9PARA POLİTİKASI MERKEZ BANKASI ÇALIŞANLARININ KONTROLÜNDE
TCMB’nin sık sık başkan değişimine sahne olması, fiyat istikrarı hedefi olarak manşet enflasyondan çekirdek enflasyona geçmesi, sonra bundan da vazgeçerek bilimsel ve aklıselim tüm uyarılara ve dünyadaki örneklere rağmen politika faizlerini düşürmesi, fiyat istikrarı ve finansal istikrar dışında kalan görevler üstlenmeye başlaması ve müteakiben enflasyonun sıçrayışa geçmesi yeterince endişe verici idi. Bunların üzerine, TCMB Kanununda İdare Merkezinin Ankara olarak ifade edilmesine karşın, Bankanın Eylül ayına kadar tamamen İstanbul’a taşınacağı, bir kısım personelin teşvikle emekli edileceği, eski başkanlar Durmuş Yılmaz ve Rüşdü Saracoğlu’nun resimlerinin indirildiği haberleri bu endişeleri daha da artırıyor. Banka, anlaşılmaz bir şekilde ve kısa bir zaman dilimi içinde başkan, personel ve idare merkezi değişiklikleri ile “kurumsal imkânsız üçlüyü” zorlamış oluyor. Bu gelişmeler Banka personelinin morali üzerinde olumsuz etkiler yaratabilir, Bankanın karşı karşıya olduğu hukuki, operasyonel ve itibar risklerinin gerçekleşme olasılığını ve ülkemizin insanlarının refahı üzerindeki olumsuz etkileri artırabilir.
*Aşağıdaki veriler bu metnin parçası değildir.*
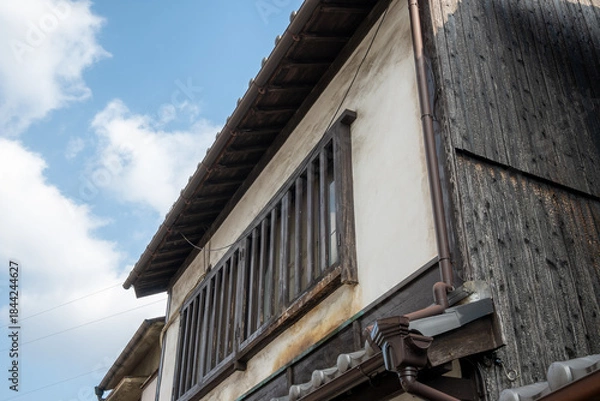Fototapeta 日本の岡山県倉敷市の白壁の美しいレトロな町並み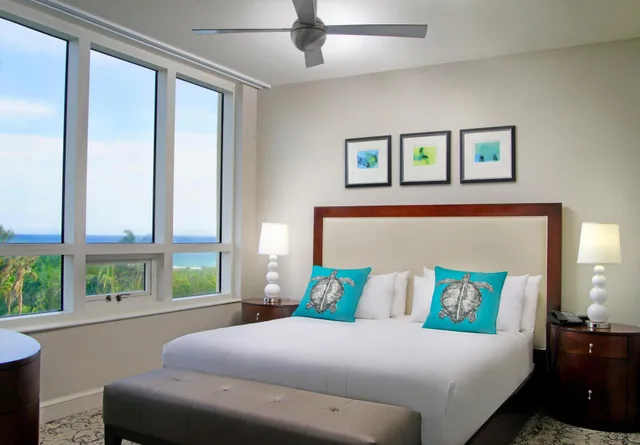 غرفة بشرفة بغرفتي نوم، Palm Beach Singer Island Resort and Spa Luxury Suites 1/1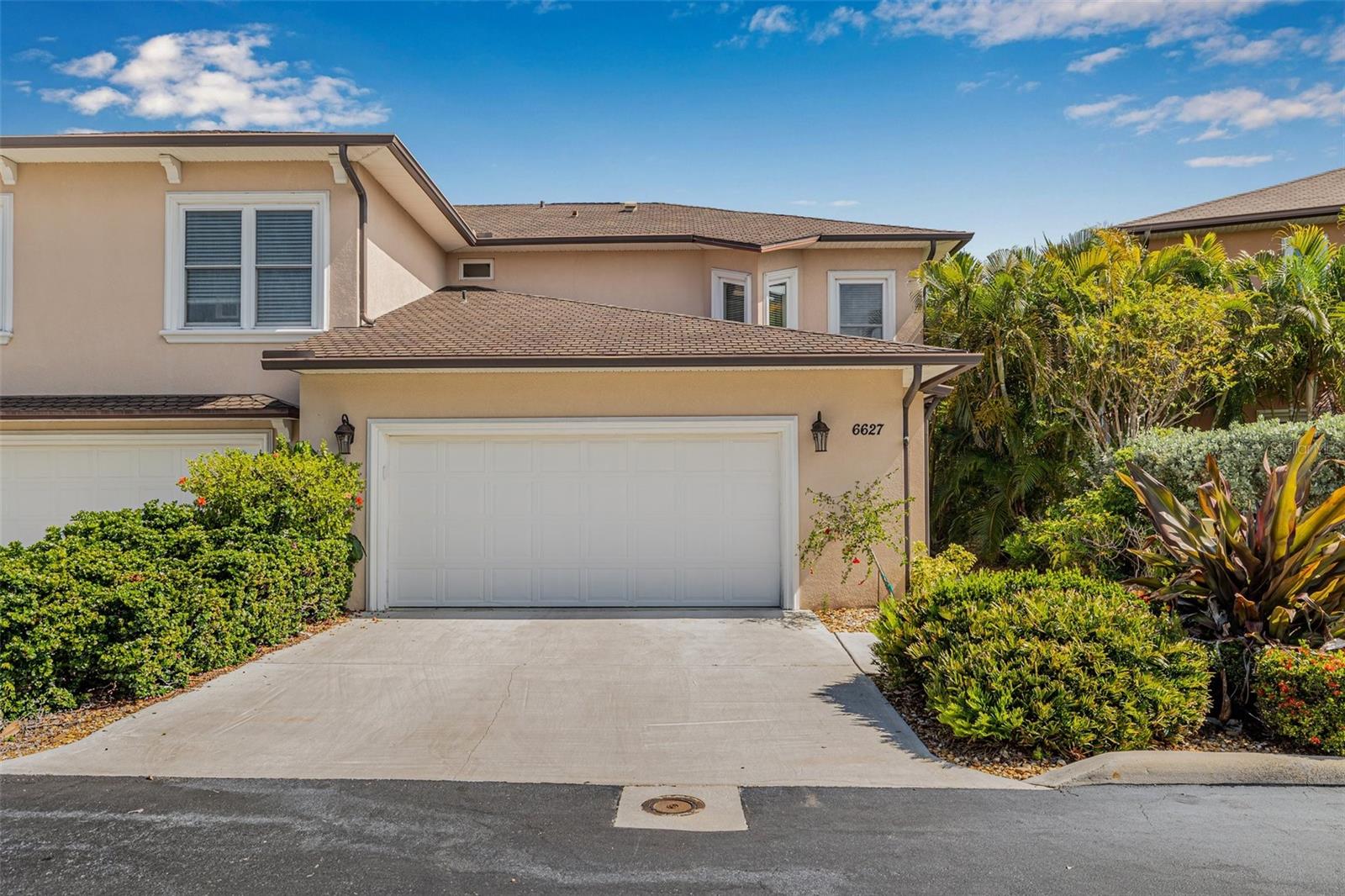 Image 2 of 50 For 6627 Date Palm Avenue S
Kurumsal işlev bozukluğu sorunu sadece TCMB’de yaşanmıyor ve bu durumdan endişe duyanlar sadece bizler değiliz. Uluslararası İstatistik Enstitüsü de (isi) 11 Şubatta yaptığı bir açıklamayla TUİK Başkanı Sait Erdal Dinçer’in görevden alınmasının Türkiye’de enflasyonun yüksek seviyelerde olduğu bir dönemde gerçekleştiğine dikkat çekti. Enstitü, Başkan da dahil olmak üzere TUİK’deki atama ve görevden alma prosedürlerinin kurumun güvenilirliğini azalttığına dikkat çekti. Enstitü aynı zamanda profesyonel etik beyannamesi ile kamu istatistiklerinin oluşturulmasına dair temel prensipleri de hatırlattı. Açıklamada TUİK’in ürettiği istatistiklerin isabetliliğinin sadece Türk devleti ve halkı için değil aynı zamanda uluslararası toplum ve finansal piyasalar için de önemli olduğu vurgulandı.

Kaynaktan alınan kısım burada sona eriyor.